Last year, a local businessman named Steve Clark developed the facility for the kids in the area. Looking to do something with the side wall of the former warehouse, the Irish fiance of one of his employees suggested Maser.

“So Steve invited me over to paint this wall, and it’s a big wall,” says the artist of the 150ft mural. “It coincided with Paddy’s Day, and I’ve recently read a book called Famine Diary, about people emigrating during the Famine. I read that and felt I’d love to do something on that, thinking about the Irish diaspora.”

Fort Smith is proud of its strong Irish heritage. The city hosts a St Patrick’s Day parade, and there is an annual Irish dancing festival every November.

“I had a sketch saved from Jim Fitzpatrick, I think he sketched it in 1997, of St Patrick, this epic sketch of him. Then I got in contact with Damo [Damien Dempsey]. I was reading articles about the ‘Plastic Paddies’, those children of Irish emigrants who come back and get insulted as being fake Irish. I explained all that to Damo and he sent me a few lines.

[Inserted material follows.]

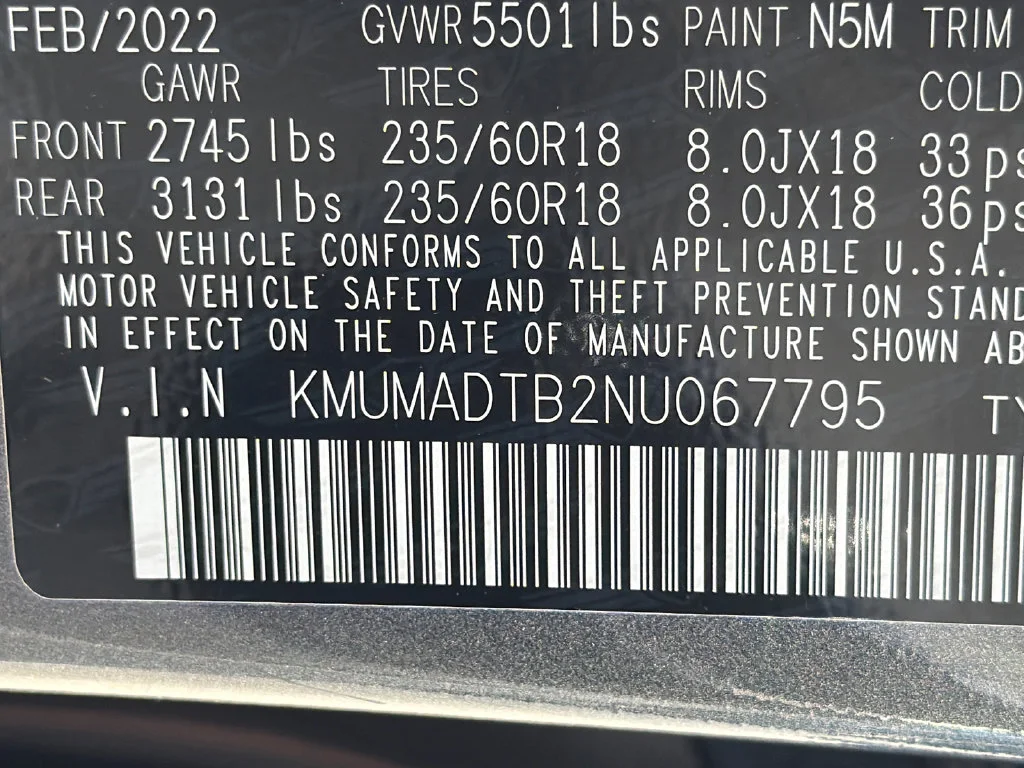 Used 2022 Gray Genesis 2.5T image 33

It’s an amalgamation of me, Damo and Jim Fitzpatrick, three Irish artists trying to send a positive message. It was an homage to the Irish Americans here.”

“Irish America hold your head high, your courage and spirit will never die” read Dempsey’s words.

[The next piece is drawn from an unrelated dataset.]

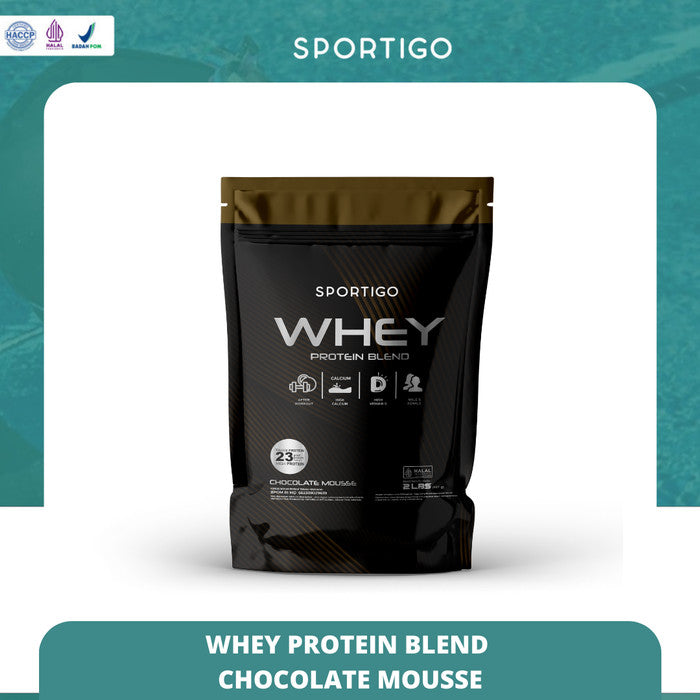 Sportigo Whey Protein Blend Isolate Concentrate 2lbs -Chocolate Mousse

Maser spent four 14-hour days painting the mural, but such work is nothing new to new to the artist. In 2010, his They Are Us project, compromising more than a dozen pieces on walls across Dublin, elevated Maser above the ranks of other graffiti artists.

The centerpiece of the project was a vast painting on the side of one of the remaining Ballymun tower blocks, which read “Concrete Jungle Mother Farewell to your Stairwell Forever." An exhibition based on the work raised €30,000 for Dublin’s Simon Community.

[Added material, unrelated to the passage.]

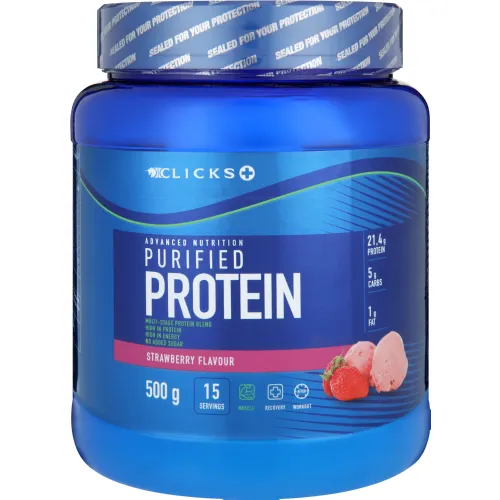 Purified Protein Strawberry 500g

“I learnt a lot from They Are Us, how to manage an exhibition and make it work, because we did it all ourselves. It was a big learning curve,” he says.

“It’s funny, I don’t ever really consider myself an artist,” says Maser. The categorisation suggested by the word, it seems, is too restrictive."

Regarding his next project, he says, “I don’t want to talk about it until I start doing it, but I want to go bigger. I intend to have a show early next year, based on the same thing, a love for Ireland and Irish history. Loosely addressing topics I’m reading about, and then adding my own feel to it.”